The first step to becoming part of our vibrant, diverse and welcoming student community is to complete the pre-arrival checklist including enrolment essentials, applying for on-campus accommodation and getting ready for Welcome Week.
We also offer a Kickstarter Programme to equip students with key university skills before they start their academic year.
Their first week
This is where the fun begins! The first week is Welcome Week (although international students have an extra International Orientation week before this).
Welcome Week ensures students are set up for success at UEL and provides opportunities to meet new people and try new things. During Welcome Week they will:
- Set up their UEL student account, complete enrolment and attend their course induction sessions.
- Be able to take part in games, learn about the sports clubs and societies at UEL and attend engaging and informative events.
Their second week
Welcome Week will ensure that your young person is settled and ready to hit the ground running at university.
Teaching will start in their second week, and they should be clear on their timetable and when and where they need to be.
Support will be there when they need it, but students will need to take ownership of their own learning experience.
Top tips for students leaving home
- Plan ahead: It’s good to plan your departure together. Will they need a lift to campus or a helping hand packing their things? What time do they need to arrive to collect their keys? These are good things to run through before day one.
- Give them space: It's normal for young adults to want to be more independent at this point. They are exciting and a bit nervous about moving into a new environment and will want to do things their way as they are keen to make friends. Please do give advice and offer help, but let them decide how much support they want or need.
- Meal prep: If you’re able to do so, it can be useful to pack some food or take them food shopping for the first week. It’s also useful to take them shopping with you and talk to them about planning meals before they start university.

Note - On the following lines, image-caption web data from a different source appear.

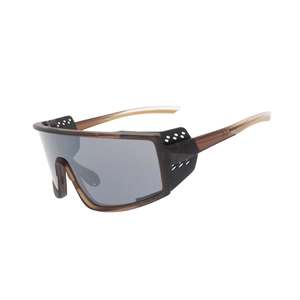 Gafas deportivas de una pieza de alta calidad, nuevo estilo retro con protectores laterales - Product Image 1
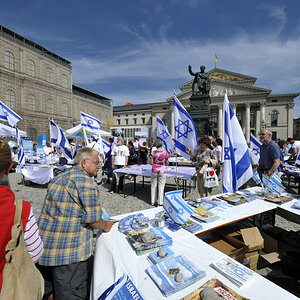 2011051015221325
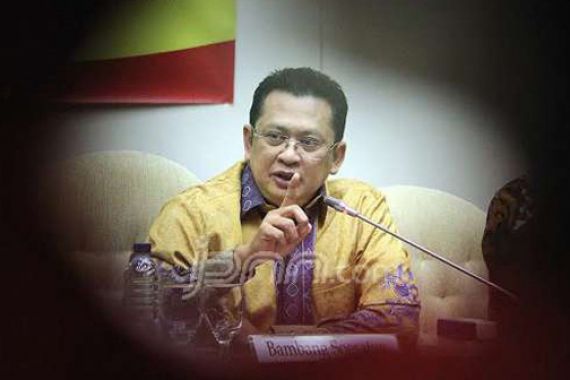 Mau Digusur Dari Sekretaris Fraksi Golkar, Bamsoet Malah Senang - JPNN.COM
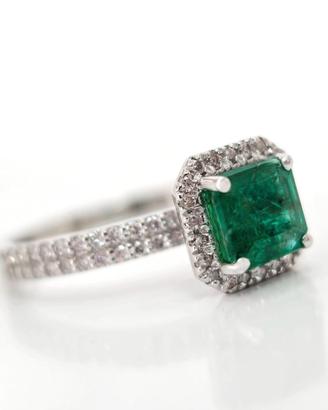 Anello con Smeraldo 1,2 ct e Diamanti naturali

- Teach the essentials: It’s a great idea to teach your young person about how to do washing, especially separating whites and colours, the basics of cooking and eating a balanced diet.
- Registering with a GP: They’ll need to register with a GP close to their university. The health centre attached to their university will usually be the most convenient, and the doctors there will be experienced in student health.

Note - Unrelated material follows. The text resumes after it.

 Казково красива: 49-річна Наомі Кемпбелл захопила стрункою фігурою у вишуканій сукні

Top tips for students staying at home
- Things will change: Your young person will have a new routine, new goals and new ambitions. They will need good time management skills to make sure they are on time for timetabled lectures, seminars and fun social gatherings. Students will need to be motivated to study the books on their reading list and undertake their own research on module content and will need time and space at home to achieve this.
- Grab every opportunity: University is an experience like no other. From opportunities to take part in new sports and activities to part-time work and exciting placements. It is a good idea to encourage your young person to go out and make like-minded friends – living at home shouldn’t stop them from having the full university life experience, and the soft skills they grow or learn at university will help them prepare for the workplace and a rewarding career.
- Making new friends: It’s important they remember that induction programmes are designed with this in mind, and everyone is in the same boat. Lectures and seminars are a great way to make friends as students will already have similar interests. Joining a sports club is also a fantastic way to make friends and get active.
- Money management: It’s important that your young person stays on top of finances while at university. You can encourage them to work out a weekly or monthly budget. Also, make sure they shop around for their student bank account, as many of them include offers such as free railcards.